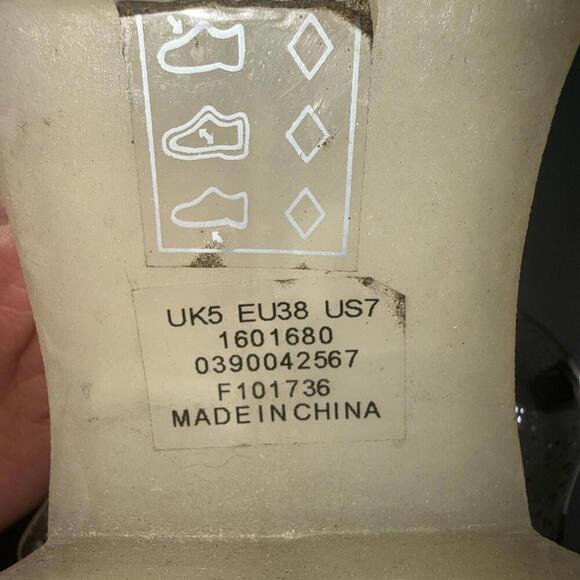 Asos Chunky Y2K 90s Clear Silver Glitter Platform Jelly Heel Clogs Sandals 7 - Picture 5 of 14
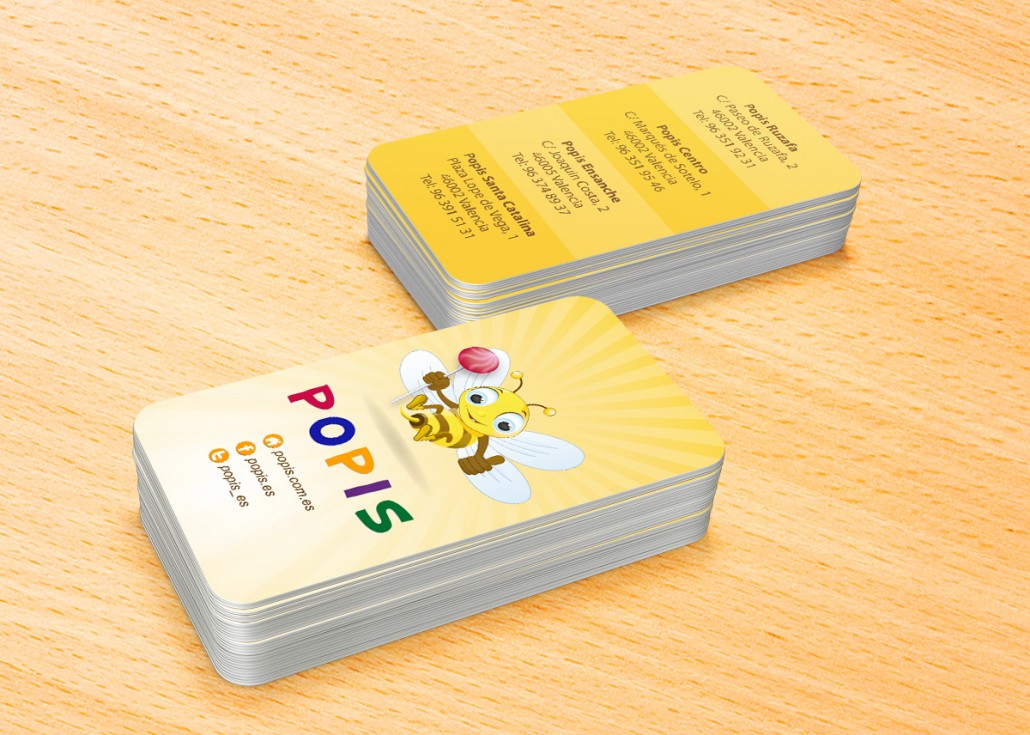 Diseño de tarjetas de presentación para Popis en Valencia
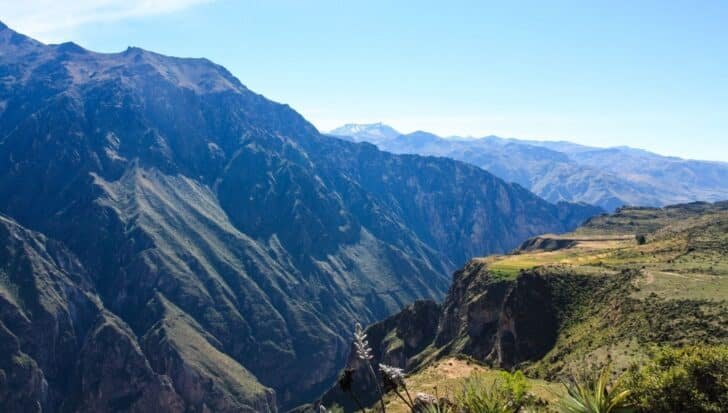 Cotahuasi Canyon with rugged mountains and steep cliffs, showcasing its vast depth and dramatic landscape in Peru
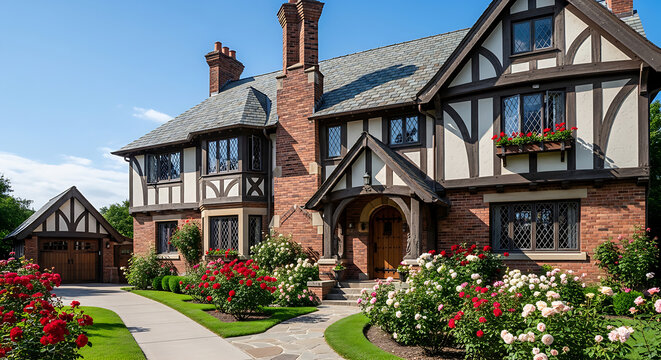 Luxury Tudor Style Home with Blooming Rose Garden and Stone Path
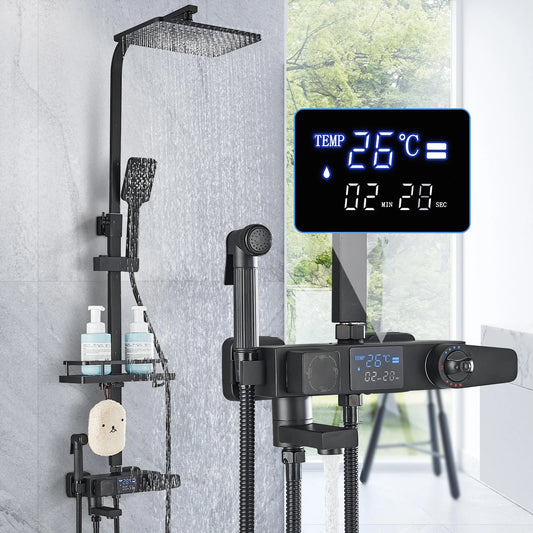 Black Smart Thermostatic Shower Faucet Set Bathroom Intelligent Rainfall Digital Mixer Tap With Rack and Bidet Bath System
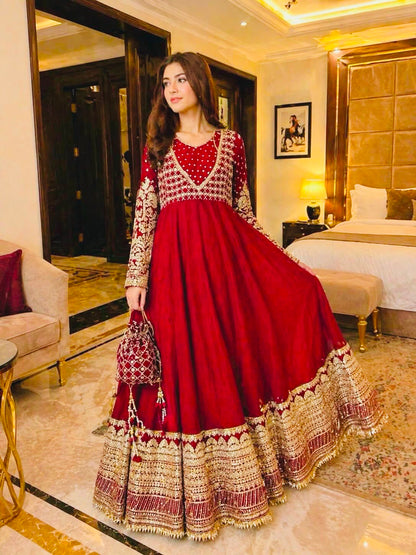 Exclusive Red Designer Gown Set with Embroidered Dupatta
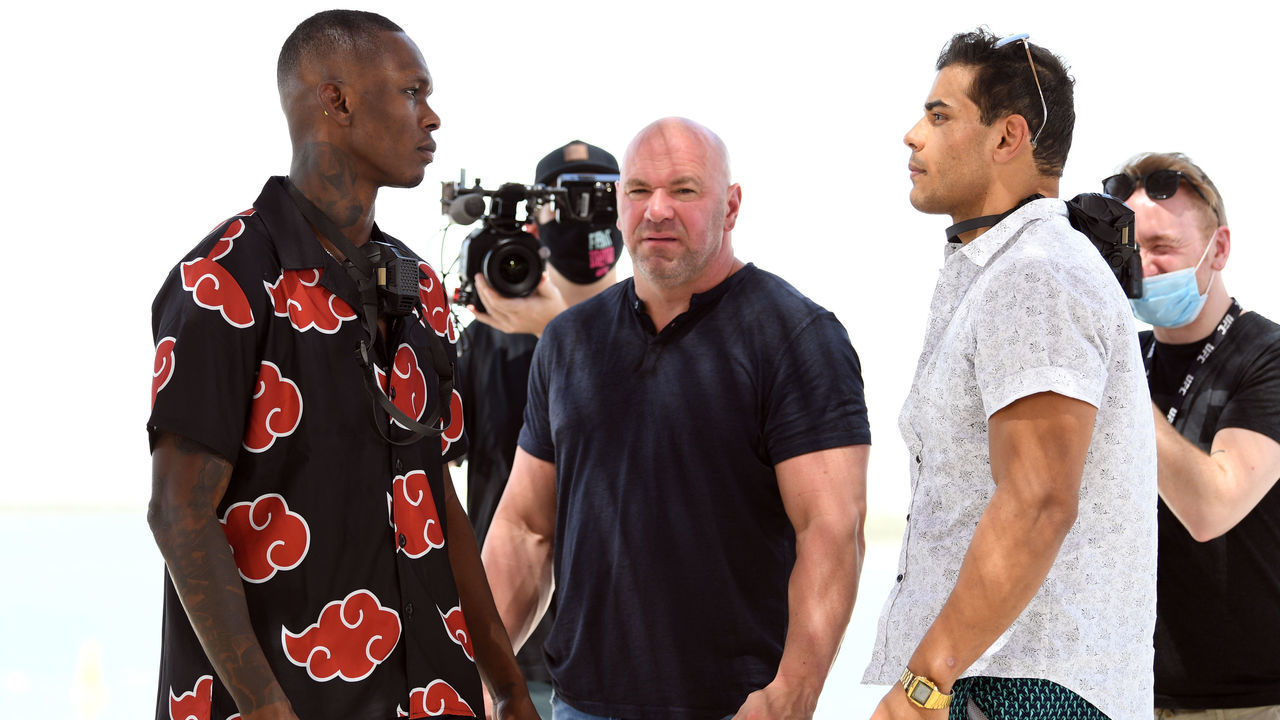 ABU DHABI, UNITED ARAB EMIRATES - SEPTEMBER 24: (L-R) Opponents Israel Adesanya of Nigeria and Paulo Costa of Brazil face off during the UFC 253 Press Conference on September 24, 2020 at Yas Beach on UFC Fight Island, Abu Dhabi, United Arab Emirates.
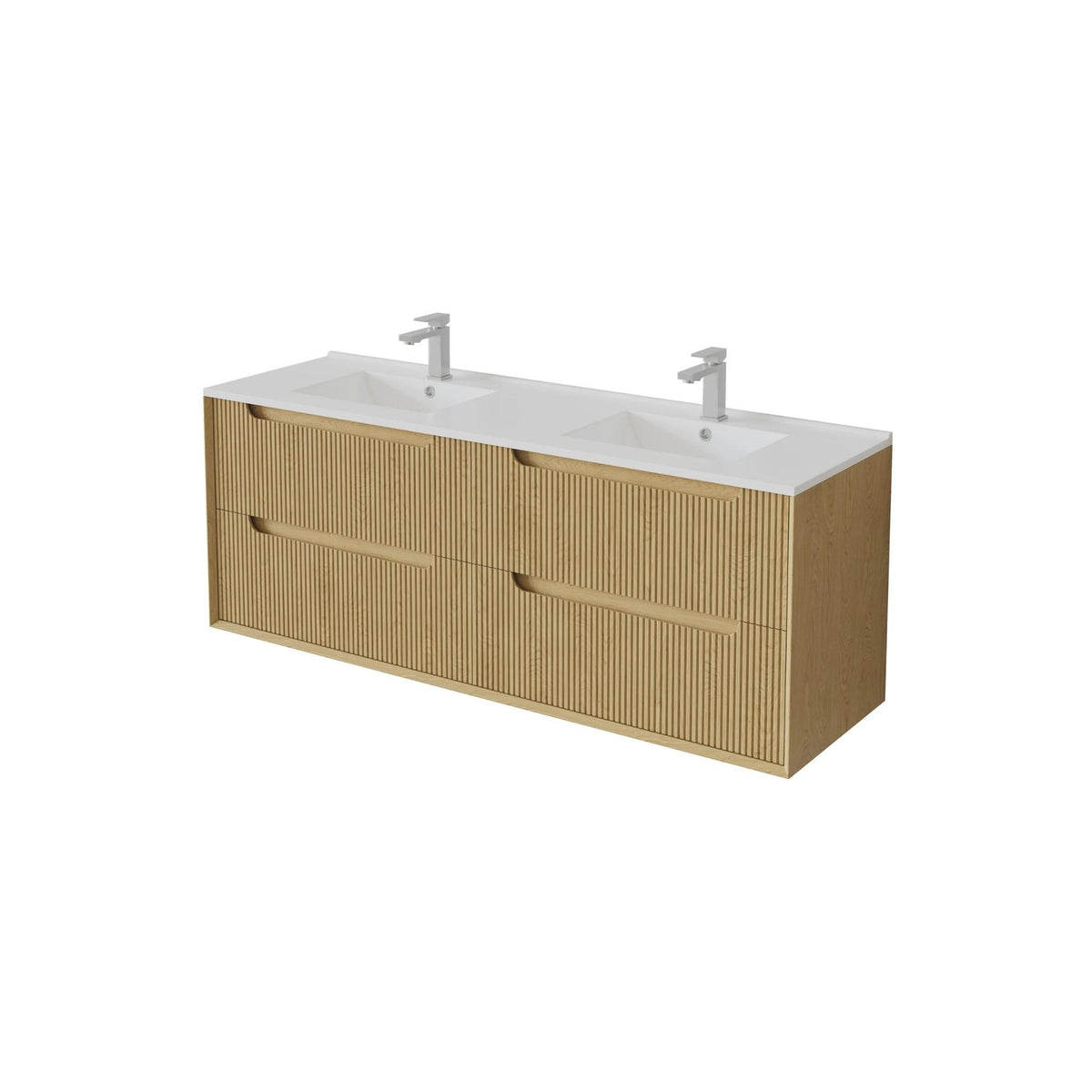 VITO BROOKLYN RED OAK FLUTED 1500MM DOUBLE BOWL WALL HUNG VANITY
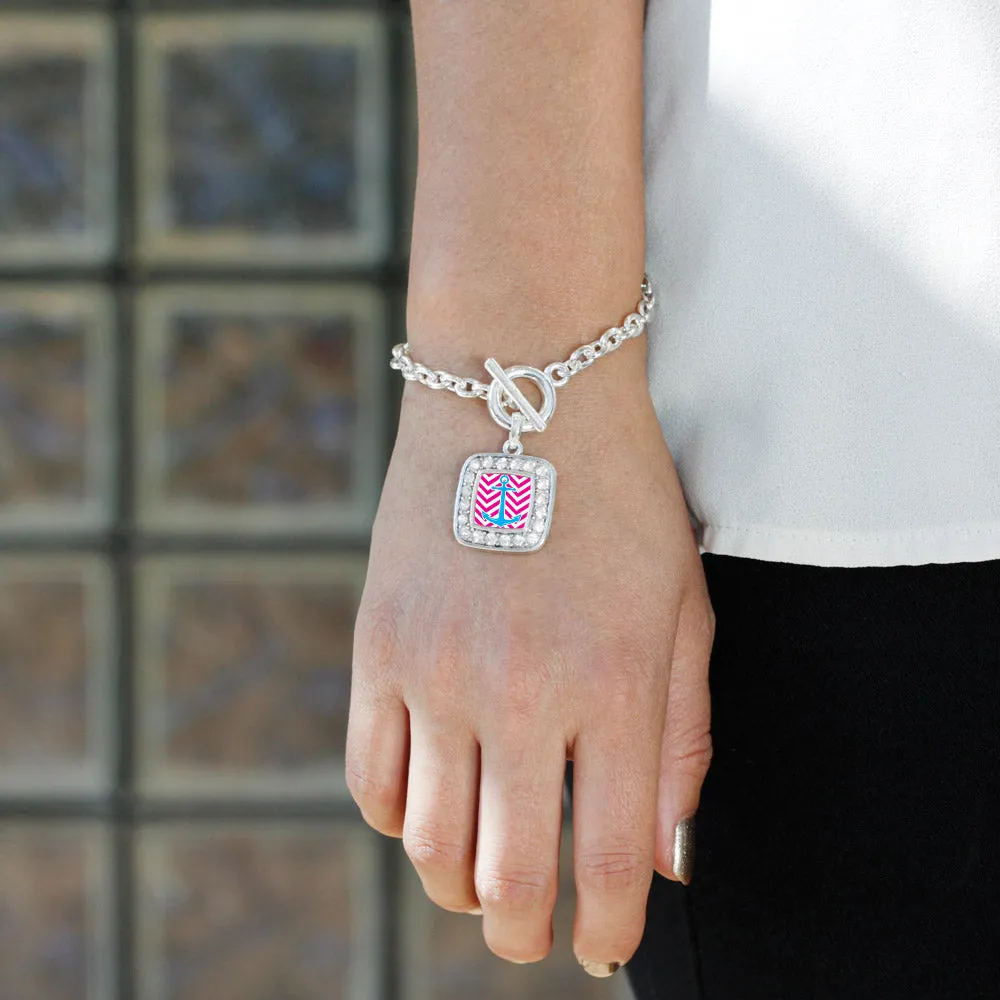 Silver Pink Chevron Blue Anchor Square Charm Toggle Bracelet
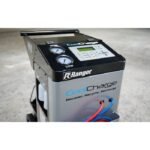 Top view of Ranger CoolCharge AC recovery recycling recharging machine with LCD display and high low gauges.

Task statement
When a picture appears in the material, please pass over it while retyping the rest exactly.

Completed task
 Asos Chunky Y2K 90s Clear Silver Glitter Platform Jelly Heel Clogs Sandals 7 - Picture 5 of 14
 Diseño de tarjetas de presentación para Popis en Valencia
 Cotahuasi Canyon with rugged mountains and steep cliffs, showcasing its vast depth and dramatic landscape in Peru
 Luxury Tudor Style Home with Blooming Rose Garden and Stone Path
 Black Smart Thermostatic Shower Faucet Set Bathroom Intelligent Rainfall Digital Mixer Tap With Rack and Bidet Bath System
 Exclusive Red Designer Gown Set with Embroidered Dupatta
 ABU DHABI, UNITED ARAB EMIRATES - SEPTEMBER 24: (L-R) Opponents Israel Adesanya of Nigeria and Paulo Costa of Brazil face off during the UFC 253 Press Conference on September 24, 2020 at Yas Beach on UFC Fight Island, Abu Dhabi, United Arab Emirates.
 VITO BROOKLYN RED OAK FLUTED 1500MM DOUBLE BOWL WALL HUNG VANITY
 Silver Pink Chevron Blue Anchor Square Charm Toggle Bracelet
 Top view of Ranger CoolCharge AC recovery recycling recharging machine with LCD display and high low gauges.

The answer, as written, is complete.